### Data block
<<<<
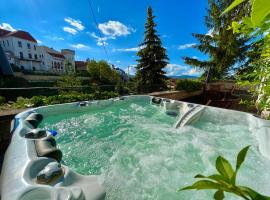 Terrace Apartman Prémium Belváros Jacuzzival, hotel v destinaci Veszprém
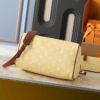 Stylish Fashion Carry L*V Handbag 1670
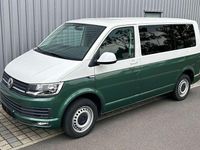 Gebraucht VW T6 150 PS (110 kW) 2019 Weiß und grün foliert Van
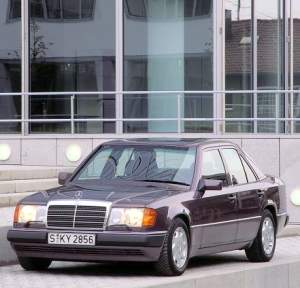 Mercedes-Benz 500 E {W 124} 1990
>>>>
### To do
What you return should be the full listing, unchanged, minus the pictures.

### Solution to this problem
 Terrace Apartman Prémium Belváros Jacuzzival, hotel v destinaci Veszprém
 Stylish Fashion Carry L*V Handbag 1670
 Gebraucht VW T6 150 PS (110 kW) 2019 Weiß und grün foliert Van
 Mercedes-Benz 500 E {W 124} 1990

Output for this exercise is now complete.